As Suzy Khimm points out, associating the public option with Medicare improves its polling scores. But it’s also not bad policy as many of the most desperate uninsured are those in that age group. Although the rate of uninsurance is relatively lower amongst those 55–65, in most states it’s very hard for them to get insurance in the individual market and of course they have the highest costs of those below 65. The other good political and policy news is that they’ll be able to buy-in in 2011, not having to wait until 2014. It also appears that Medicare will be offered to people 55+ in the exchanges post 2014, so they’ll be able to use subsidies to buy it then. What the premiums required to buy into Medicare will be is also uncertain. Currently the 65+ population average around $16,000 a year while those 18–64 cost about $6,000 (my rough extrapolations from 2004 numbers). So perhaps the unsubsidized age-adjusted premiums would be $10,000 a year. A hell of a lot but not completely out of the question for many near-seniors who are working, may have paid off the mortgage and can’t get insurance at all now.

Writing on THCB six weeks ago (and on Health Affairs blog too) Jeff Goldsmith suggested the Medicare buy-in and to be fair he noted that it has had something of a life as floated-but-never-enacted-proposal over the years. Presumably some bright staffer read his article. And that’s why it’s in the mix today. After all in the past two years of campaigning and debate it never seemed to come up.

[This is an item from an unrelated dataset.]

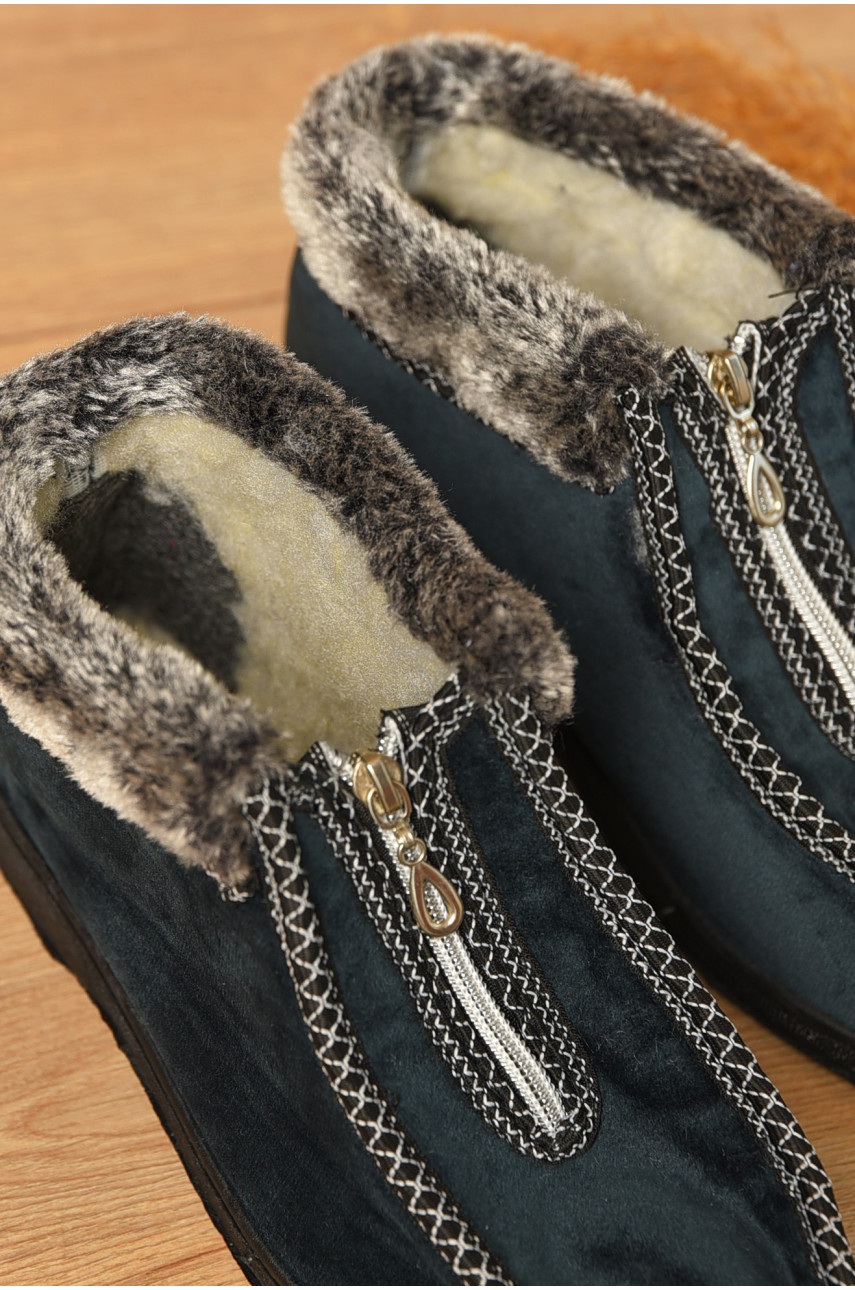 Бурки жіночі на хутрі темно-зеленого кольору G-092 207372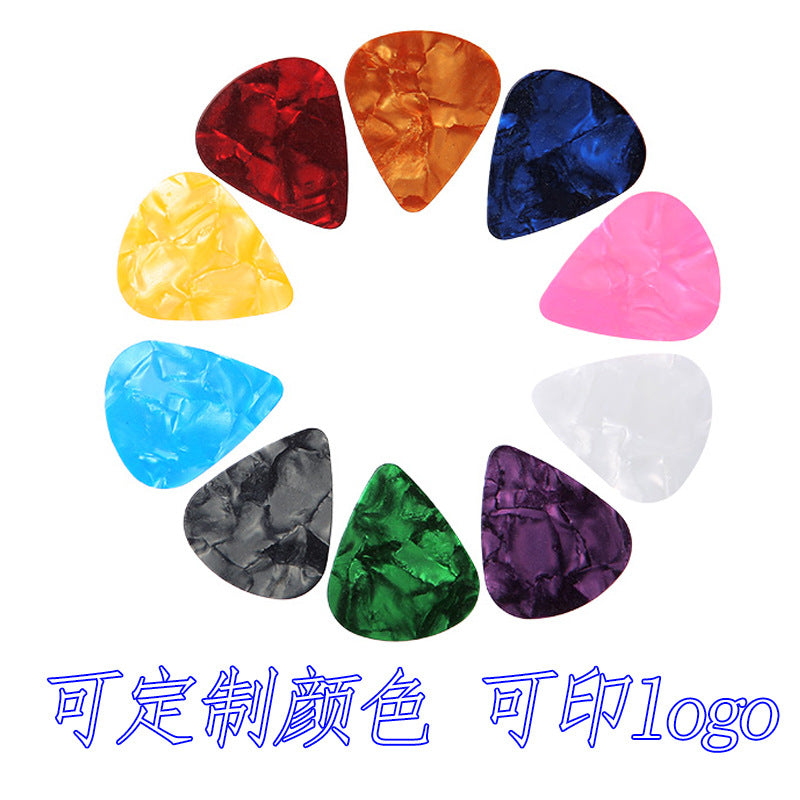 Celluloid Guitar Picks Set - Various Thicknesses and Colors for Acoustic Electric Bass Guitars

I’m somewhat reminded of the stories about how LBJ crammed Medicare and Medicaid into the bill in 1965 when both groups (the former New Dealers supporting Medicare for all and the AMA opposing it) both got some aspect of what they wanted. But although Medicare and Medicaid solved some problems, that whole mess created lots of others—all due to the political necessities of the time. I suspect that if this compromise holds true, there’ll be some improvement, but also plenty of unintended consequences too.

But is this any way to create sensible social programs? Stop me before I go off into vague ramblings about how Stalin won World War Two by collectivizing the Kulaks…..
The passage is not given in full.